Having played with Tangerine Dream, Hoenig’s first synth credit was gracing GALAXY OF TERROR before establishing his own composing chops on such genre cult favorites as MAX HEADROOM, THE WRAITH, THE GATE and I, MADMAN. While THE BLOB’s music seems to be all effectively shapeless stings dribbling tones, and militarism for the true government bio-villains, Hoenig’s score really kicks into gear during a movie theater onslaught that puts the original’s to shame, creating a rhythmic drive that embodies both the humans’ heroic desperation and a massive sense of relentless doom. It’s the formless being given a taste of thematic purpose, with Hoenig’s suspenseful onslaught leading to a terrifically exciting climax in the town hall.
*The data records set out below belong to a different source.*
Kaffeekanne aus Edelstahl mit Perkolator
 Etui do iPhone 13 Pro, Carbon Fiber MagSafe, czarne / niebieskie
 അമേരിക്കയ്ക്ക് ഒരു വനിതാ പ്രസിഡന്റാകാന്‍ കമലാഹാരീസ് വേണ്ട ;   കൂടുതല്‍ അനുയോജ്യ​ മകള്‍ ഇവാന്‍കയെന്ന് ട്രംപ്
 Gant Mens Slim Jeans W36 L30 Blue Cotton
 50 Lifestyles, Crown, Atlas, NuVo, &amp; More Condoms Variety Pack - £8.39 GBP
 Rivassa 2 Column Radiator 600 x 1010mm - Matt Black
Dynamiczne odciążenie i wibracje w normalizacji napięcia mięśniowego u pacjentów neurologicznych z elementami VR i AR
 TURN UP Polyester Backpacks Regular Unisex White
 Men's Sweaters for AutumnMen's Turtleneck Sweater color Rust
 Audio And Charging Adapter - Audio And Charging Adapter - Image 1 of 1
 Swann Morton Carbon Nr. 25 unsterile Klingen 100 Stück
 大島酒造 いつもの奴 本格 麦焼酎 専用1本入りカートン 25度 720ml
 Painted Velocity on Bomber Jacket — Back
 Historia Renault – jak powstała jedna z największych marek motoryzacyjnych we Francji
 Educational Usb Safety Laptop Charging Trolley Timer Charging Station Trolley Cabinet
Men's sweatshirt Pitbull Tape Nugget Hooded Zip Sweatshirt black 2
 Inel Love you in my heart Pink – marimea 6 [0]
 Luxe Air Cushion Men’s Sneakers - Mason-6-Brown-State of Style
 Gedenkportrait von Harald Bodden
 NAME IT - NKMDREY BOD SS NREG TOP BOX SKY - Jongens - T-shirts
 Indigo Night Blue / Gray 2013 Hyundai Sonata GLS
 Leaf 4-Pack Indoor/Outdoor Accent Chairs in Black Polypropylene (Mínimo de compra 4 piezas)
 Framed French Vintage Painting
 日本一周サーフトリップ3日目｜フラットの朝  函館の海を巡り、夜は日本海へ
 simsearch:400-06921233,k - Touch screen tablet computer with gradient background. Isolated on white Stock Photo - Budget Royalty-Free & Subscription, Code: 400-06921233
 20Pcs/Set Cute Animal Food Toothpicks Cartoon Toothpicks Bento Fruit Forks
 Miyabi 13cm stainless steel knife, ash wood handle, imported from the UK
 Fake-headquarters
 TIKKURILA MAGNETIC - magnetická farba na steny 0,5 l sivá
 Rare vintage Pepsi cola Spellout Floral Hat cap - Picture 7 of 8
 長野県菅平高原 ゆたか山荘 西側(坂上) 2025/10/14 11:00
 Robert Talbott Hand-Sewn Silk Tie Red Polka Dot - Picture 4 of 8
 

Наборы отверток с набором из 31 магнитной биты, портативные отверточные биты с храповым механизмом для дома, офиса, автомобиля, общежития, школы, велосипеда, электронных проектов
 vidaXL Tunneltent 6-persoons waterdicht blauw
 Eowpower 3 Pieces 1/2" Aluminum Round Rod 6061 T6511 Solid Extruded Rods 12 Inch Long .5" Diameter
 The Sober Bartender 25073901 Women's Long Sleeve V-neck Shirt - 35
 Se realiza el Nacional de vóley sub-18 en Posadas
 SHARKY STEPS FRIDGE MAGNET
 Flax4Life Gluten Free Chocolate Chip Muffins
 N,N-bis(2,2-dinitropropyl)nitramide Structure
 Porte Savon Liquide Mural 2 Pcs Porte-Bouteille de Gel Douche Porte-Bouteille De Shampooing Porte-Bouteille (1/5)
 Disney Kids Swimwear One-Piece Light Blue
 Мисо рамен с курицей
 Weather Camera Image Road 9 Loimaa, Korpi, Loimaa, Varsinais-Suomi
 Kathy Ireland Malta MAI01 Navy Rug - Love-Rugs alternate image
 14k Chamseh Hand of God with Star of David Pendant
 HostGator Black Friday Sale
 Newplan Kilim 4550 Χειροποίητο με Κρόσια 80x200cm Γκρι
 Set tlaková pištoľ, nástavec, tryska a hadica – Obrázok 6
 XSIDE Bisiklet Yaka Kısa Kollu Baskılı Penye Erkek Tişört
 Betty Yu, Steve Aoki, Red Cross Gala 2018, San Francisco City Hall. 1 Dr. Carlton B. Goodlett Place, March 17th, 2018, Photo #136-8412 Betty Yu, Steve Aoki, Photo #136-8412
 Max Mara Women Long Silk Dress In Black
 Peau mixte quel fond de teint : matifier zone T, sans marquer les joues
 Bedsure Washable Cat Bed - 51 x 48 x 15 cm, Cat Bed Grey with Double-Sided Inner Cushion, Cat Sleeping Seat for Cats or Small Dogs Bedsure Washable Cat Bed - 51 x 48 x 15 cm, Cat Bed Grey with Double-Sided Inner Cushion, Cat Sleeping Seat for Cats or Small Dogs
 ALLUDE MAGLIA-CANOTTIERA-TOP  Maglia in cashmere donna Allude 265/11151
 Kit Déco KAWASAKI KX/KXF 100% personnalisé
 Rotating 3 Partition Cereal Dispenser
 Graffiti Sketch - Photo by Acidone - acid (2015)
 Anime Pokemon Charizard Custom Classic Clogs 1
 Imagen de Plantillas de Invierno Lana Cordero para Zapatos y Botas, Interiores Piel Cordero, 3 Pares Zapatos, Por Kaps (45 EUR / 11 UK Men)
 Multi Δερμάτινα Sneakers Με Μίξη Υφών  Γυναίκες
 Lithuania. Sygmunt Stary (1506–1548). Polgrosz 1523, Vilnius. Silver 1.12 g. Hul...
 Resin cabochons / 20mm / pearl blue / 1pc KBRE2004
Easily one of the hardest CD’s to find since the movie’s 1988 release, La La Land now does a great job of presenting Hoenig’s BLOB in all of its chilling glory, with perceptive and fun liner notes by Brian Satterwhite that detail how much musical form there actually is to Hoenig’s “sound sculpting.” This score might be as much of a delightful time capsule as Ralph Carmichael’s original 1958 soundtrack, but Hoenig’s BLOB still packs the kind of gleefully sinister Synclavier punch that I’d happily welcome back to ooze through the projection booth windows, let alone one of the genre’s best, if unsung remakes.